Last week we saw how the three-part division of history proposed 200 years ago — Stone, Bronze and Iron ages — might have been a foursome if the Chalcolithic, or Copper Age, had been included. Although copper is relatively abundant and is occasionally found in its pure form, it's not so useful as a tool material because of its softness. Add about 10 percent of arsenic or tin to copper, though, and you get the alloy bronze: harder and more durable than pure copper, easier to work and corrosion resistant. It was the ideal metal for just about everything before the Iron Age.
Absent knowledge of metallurgy, how could the first bronze workers — probably Sumerians living in Mesopotamia around 3500 B.C. — have come up with the magic formula of adding arsenic or tin to copper? We'll never know for sure, of course, but a reasonable speculation is that copper and tin ores found their way into a single firepit, perhaps being used as a fire ring. As the heat smelted the ores, the two molten metals would have combined to form bronze. Since copper melts at 1,085 degrees C (and tin much lower), a firepit could have done the job. However it happened, we can assume serendipity, rather than foreknowledge, played the major role in creating tin bronze.
Arsenic bronze is another useful metal, but early bronze makers must soon have realized that arsenic fumes were making them seriously ill, so they would have looked to tin as the additive to turn copper into bronze. The problem is that tin is a relatively rare element in Earth's crust, and the usual ore — tin oxide, or cassiterite — is found quite erratically around the planet. The closest sources for the ancient Mediterranean and Mesopotamian worlds were Devon and Cornwall in southwest England, Brittany in France and the Erzebirge region on the border of Germany and the Czech Republic.
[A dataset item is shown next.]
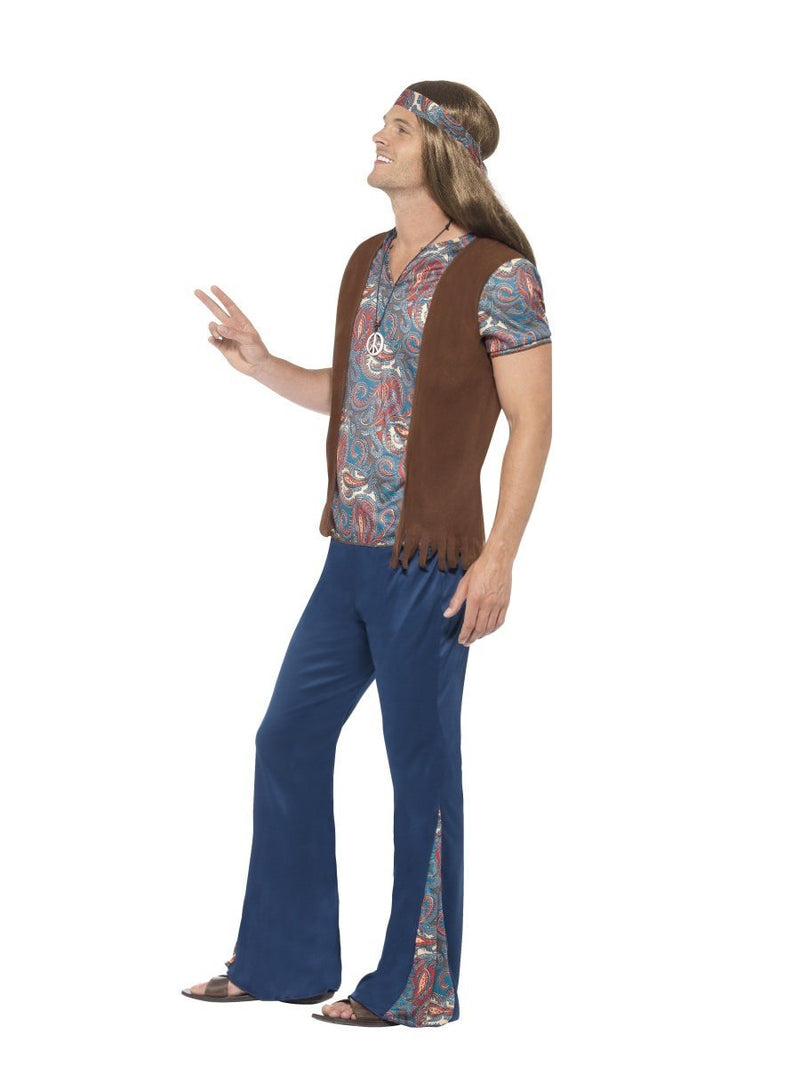 Costumes Australia 60s Orion The Hippie Costume Adult Blue_3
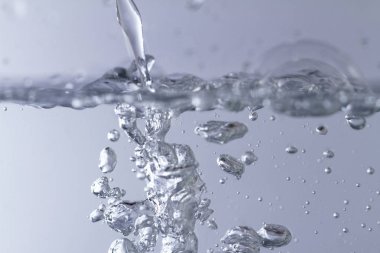 Su kabarcıkları - maco fotoğraf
By testing for isotopes, researchers can pinpoint the source of ancient bronze objects discovered in the course of archeological excavations. Turns out, most of the tin used in Europe during the Bronze Age came from mines in Cornwall, meaning that a long-distance trade in tin must have flourished during the two-millennia period from 3300 to 1300 B.C.
Providing materials for weapons and armor, agriculture and domestic needs and works of art, bronze seems to have been the catalyst for the growth of cities, development of government, massive building programs (like the Egyptian pyramids) and — perhaps most importantly — the invention of proto-writing. That is, until the Bronze Age Collapse, usually dated to between 1200 and 1150 B.C., which sent the Mediterranean and Near East worlds into a tailspin that lasted several hundred years. Of the many theories proposed as the reason for the collapse, one strong competitor is the interruption of the tin trade routes (caused perhaps by a long-term drought or by relatively minor political upheavals). No tin, no bronze and, without a bronze underpinning, the entire machinery of state was vulnerable to failure.
Following the collapse, states slowly regrouped, concurrent with the start of the Iron Age. This is dated to between 1200 and 600 B.C., depending on the region. Iron is trickier to work than bronze and has a higher melting temperature (1,538 degrees C), but once smelting techniques were developed, iron became the go-to metal for most uses other than statues. For those, bronze remained the perfect material. It still is.